I have to here point out that I love spending time with Izzie, and in actual fact I wouldn’t mind if that was all I ever did. But I’ve become hung up on this issue of fairness, particularly in regard to the amount that Lizzie goes out. In recent weeks it has reached six days out of seven, for a minimum of three hours at a time, maximum of nine, sometimes with the baby but mostly without, day after day after day leaving me to look after Izzie by myself. I thought she was running away from her responsibilities as a mother, and that is how I addressed it, but the truth is that it had to do with her Asperger’s.
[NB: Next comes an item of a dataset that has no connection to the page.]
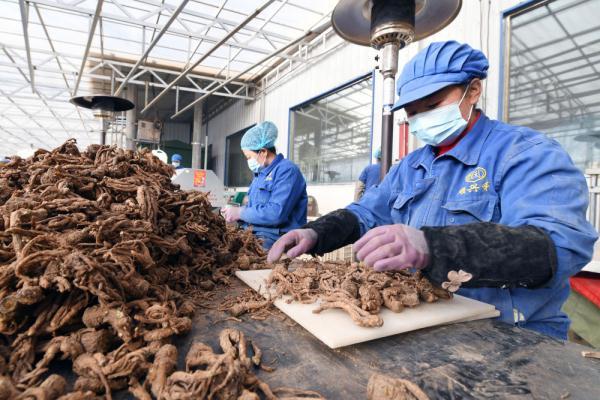 新华健康｜“土味”中药材当归：种出“甜日子”走出“国际范”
You see, Lizzie has never really had friends, but in the past couple of years has made around seven of them. Having AS, however, means she doesn’t know how to manage her relationships. She’s terrified of losing them, and thinks that if she says ‘No’ when someone invites her out, they won’t be her friend anymore. And she doesn’t want to include me in her plans because that would be asking permission, and she’s an adult who doesn’t need permission from anybody. So if seven friends invite her out in the week, she says yes to all seven, without thinking about the impact it is having on our relationship and family life.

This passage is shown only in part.